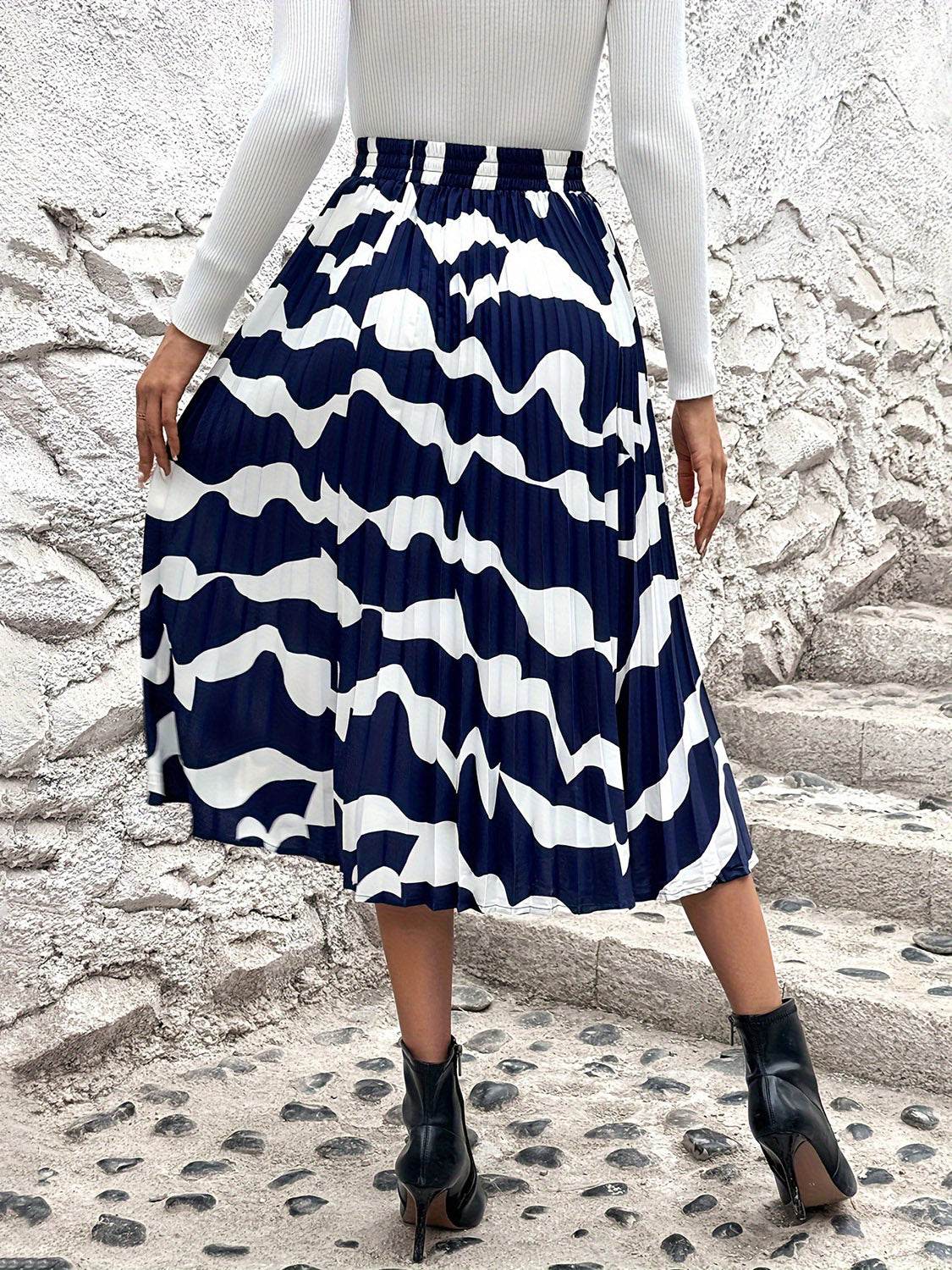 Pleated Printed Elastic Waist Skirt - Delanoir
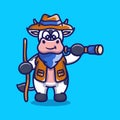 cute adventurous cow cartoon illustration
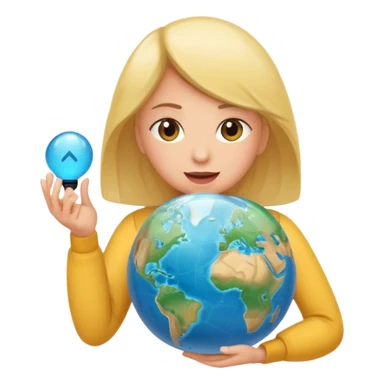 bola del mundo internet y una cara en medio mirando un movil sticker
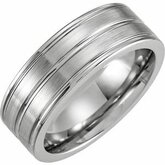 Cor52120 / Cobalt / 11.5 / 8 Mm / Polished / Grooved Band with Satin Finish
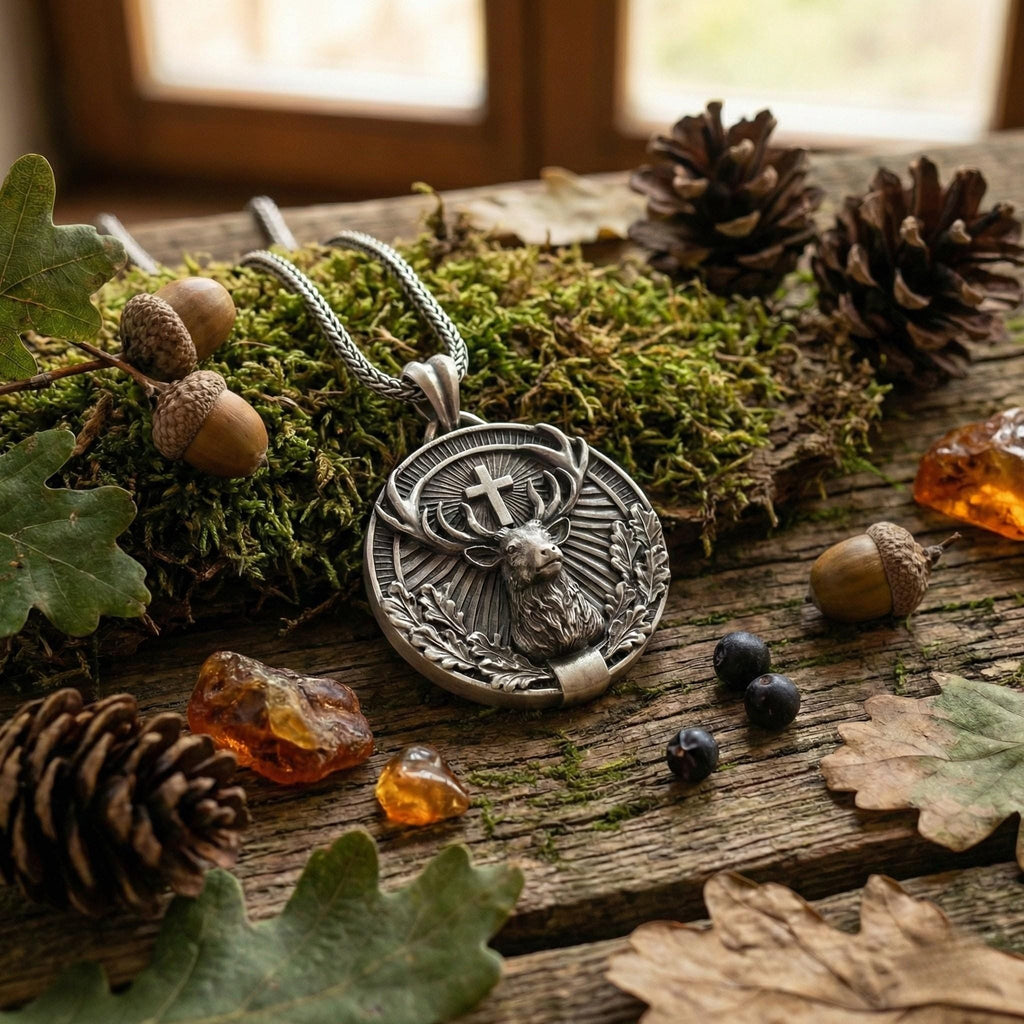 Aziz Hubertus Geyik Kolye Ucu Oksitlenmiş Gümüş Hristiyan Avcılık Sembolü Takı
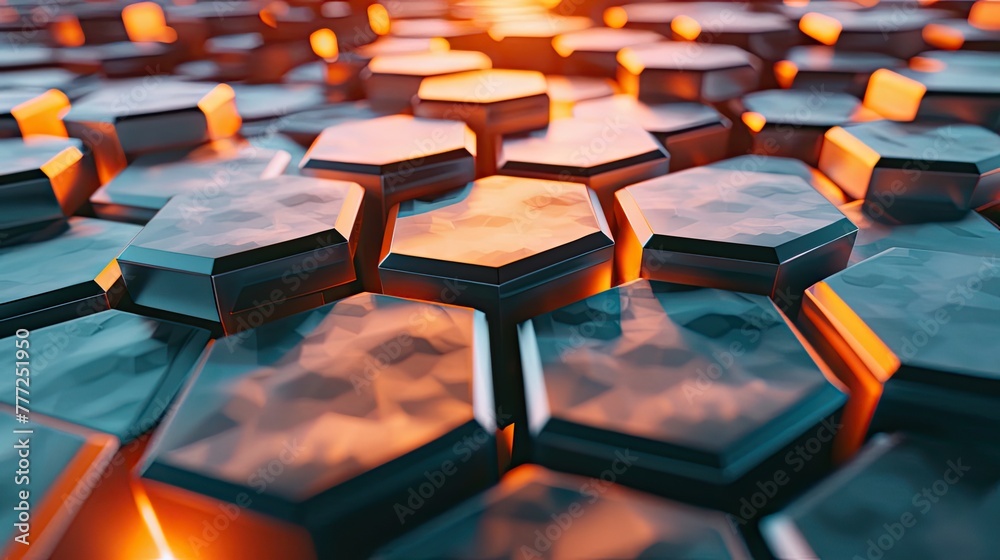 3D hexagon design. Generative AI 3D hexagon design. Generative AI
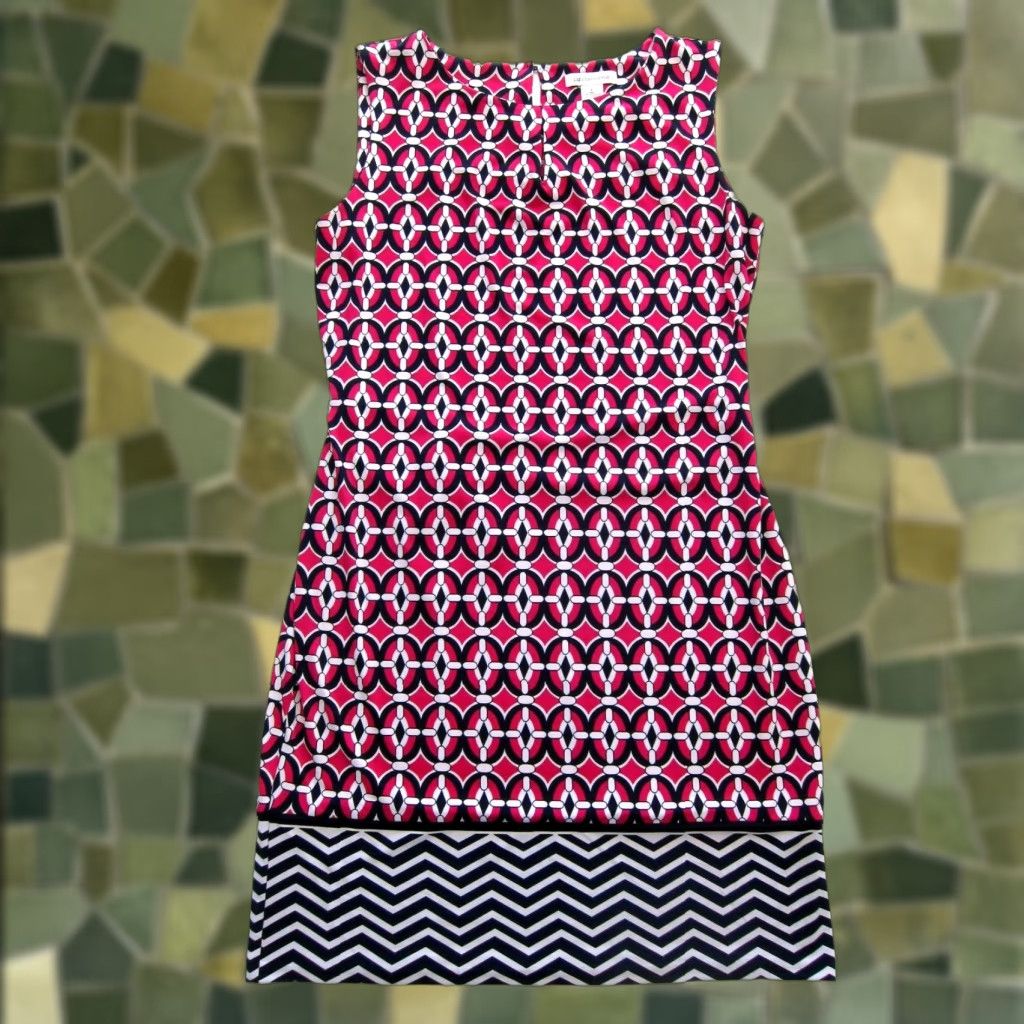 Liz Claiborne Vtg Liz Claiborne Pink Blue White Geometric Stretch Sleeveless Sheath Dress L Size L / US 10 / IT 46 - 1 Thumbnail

### DIRECTIONS
Return exactly, and only, the lines that run from the line containing "Aziz Hubertus Geyik" to the last line of the entries above, both ends included, with pictures left out.

### OUTPUT OF THE EXERCISE
 Aziz Hubertus Geyik Kolye Ucu Oksitlenmiş Gümüş Hristiyan Avcılık Sembolü Takı
 3D hexagon design. Generative AI 3D hexagon design. Generative AI
 Liz Claiborne Vtg Liz Claiborne Pink Blue White Geometric Stretch Sleeveless Sheath Dress L Size L / US 10 / IT 46 - 1 Thumbnail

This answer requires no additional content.